Its more than an academic question for me. My home airport
has a 3 degree runway, and some local airports are even
steeper.

You asked for a mathematical solution, so here is my first attempt at
this:

One can write down the equations and solve this mathematically. For the
landing calculations, you will have a differential equation that
describes the forces as:
m dv/dt = -cv^2 + mgsin(t)
where m is the mass of the airplane, c is the aerodynamic drag coeff,
and t is the runway slope.

This can be recast as m dv/dx and solved for x as a function of v.

The touchdown ground speed will be (vs-w) where vs is the touch-down
airspeed, and w is the headwind. You have to assume that the airplane
will decelerate to some final speed vf, at which point braking action
will be used to stop the airplane. The reason you have to assume this
is because aerodynamic drag alone cannot bring an airplane to a
complete stop. It would lead to an infinite solution. The final speed
can be taken as vf = r*vs, where r is a number you can pick. r=0.1
might be a reasonable number; ie the airplane decelerates 90% due to
aerodynamic drag, and then the last 10% is reduced by braking action.

Given an airplane mass and zero-wind landing distance on a flat runway,
you can get the value for c. This can then be used to calculate the
landing distance for any wind or runway slope.

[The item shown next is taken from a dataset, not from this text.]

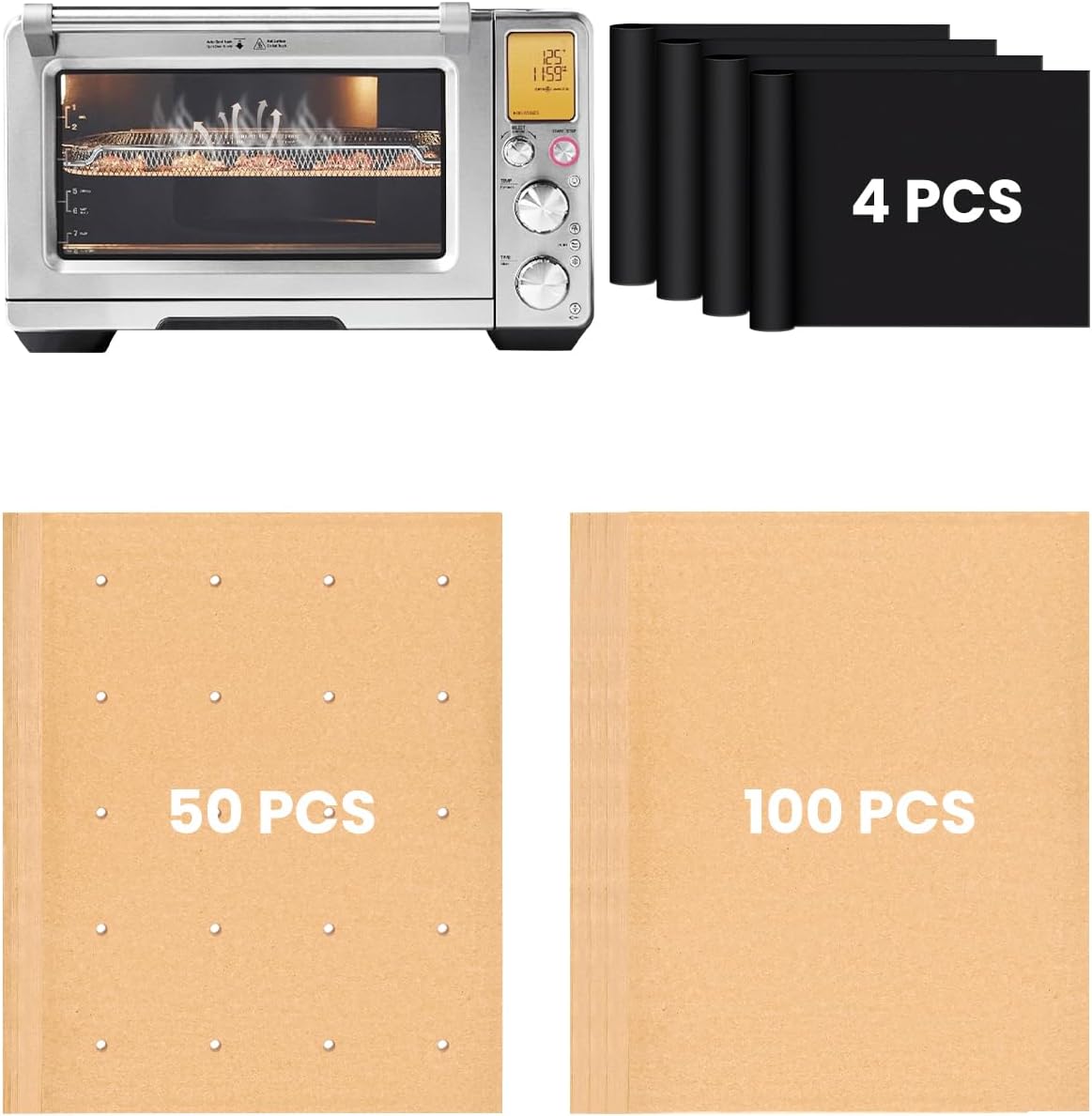 154PCs Air Fryer Liners Compatible with Breville BOV900BSS Smart Oven Air Fryer Pro, 100PCS Parchment Paper, 50PCS Perforated Liners, 4PCS Teflon Baking Mats Accessories for BOV900 Series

I have the formulas written out on paper, if you want me to post them I
can do that too (it would take some effort to write the equation using
ascii).

For a 2200 lb airplane with a normal landing distance of 1000 ft,
landing speed of 50 knots, a 10 knot wind is equivalent to a downslope
of 0.07-deg. In other words, you can land in 1000 ft if the downslope
is 0.07-deg with a 10-knot headwind. A 20-knot wind is equivalent to
0.12-deg downslope. If you land on a 0.2-deg downslope with no wind,
you will need 2000 ft of runway.

For takeoff performance, the starting equations have to be slightly
different because you have thrust from the engine (which has been
ignored in the landing calculations). I have not done that
calculations, but I am sure it can be done in a similar fashion.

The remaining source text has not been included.